PROMPT
From the material below, return exactly the lines starting at the one that holds "FASHION LEATHER JACKET" and ending at the one that holds "Double Breasted Suit". Pictures stay out of the answer.

INPUT DATA
╔══

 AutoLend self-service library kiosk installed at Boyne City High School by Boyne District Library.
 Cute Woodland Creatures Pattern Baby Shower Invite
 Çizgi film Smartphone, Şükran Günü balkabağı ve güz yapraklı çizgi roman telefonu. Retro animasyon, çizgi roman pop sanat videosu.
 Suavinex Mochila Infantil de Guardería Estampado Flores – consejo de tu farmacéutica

╚══
╔══

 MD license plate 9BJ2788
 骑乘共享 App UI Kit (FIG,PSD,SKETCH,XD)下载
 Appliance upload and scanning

╚══
╔══

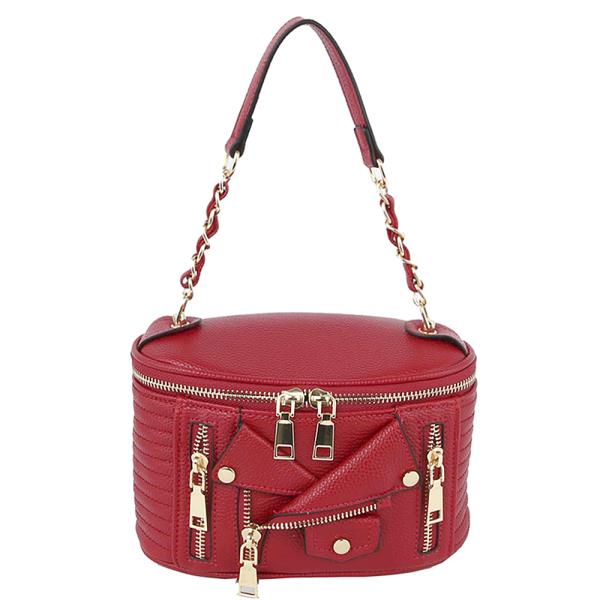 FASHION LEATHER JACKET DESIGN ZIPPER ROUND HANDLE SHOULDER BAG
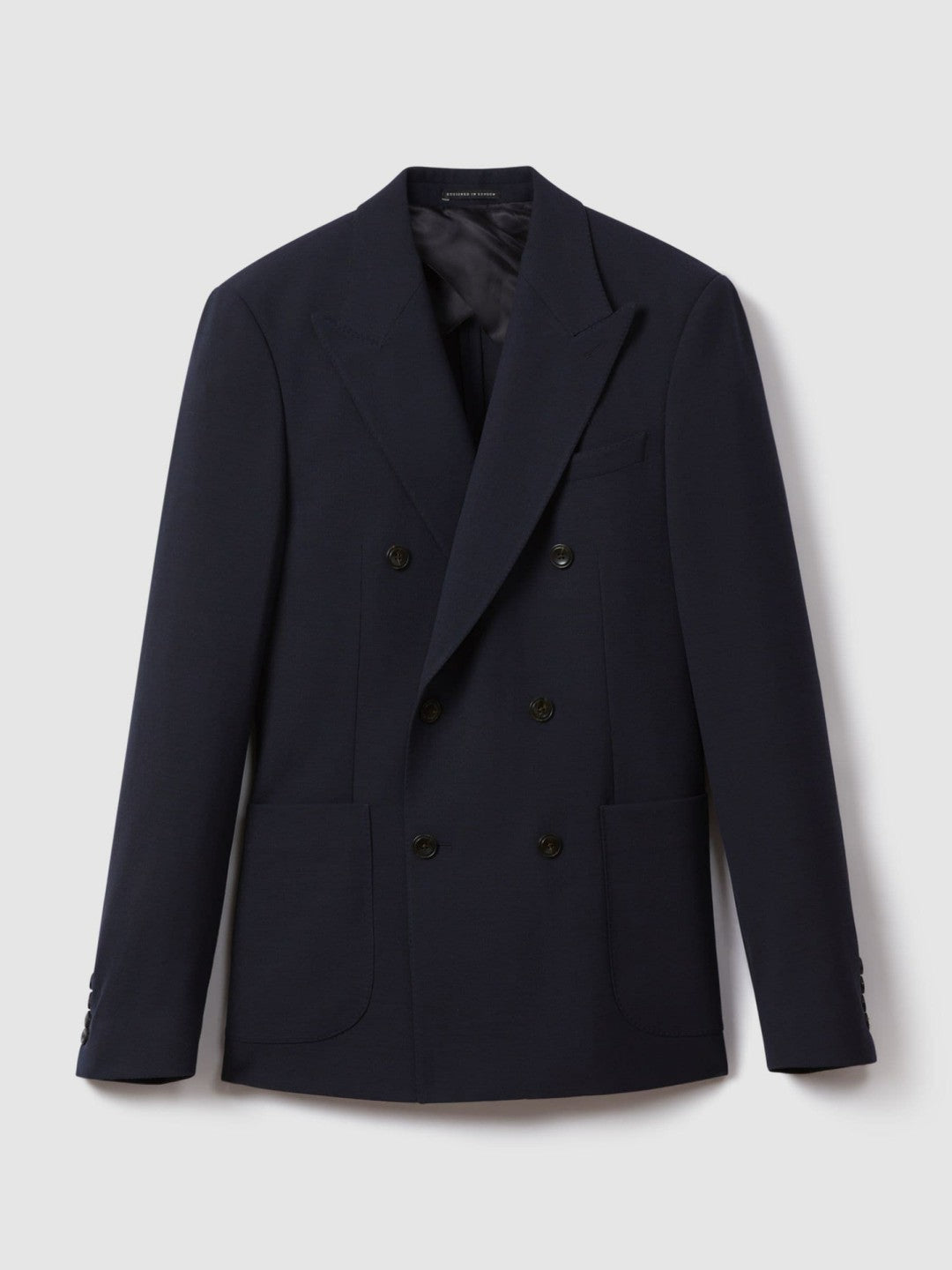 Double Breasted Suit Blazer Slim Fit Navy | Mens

╚══

SOLUTION TO THE EXERCISE
 FASHION LEATHER JACKET DESIGN ZIPPER ROUND HANDLE SHOULDER BAG
 Double Breasted Suit Blazer Slim Fit Navy | Mens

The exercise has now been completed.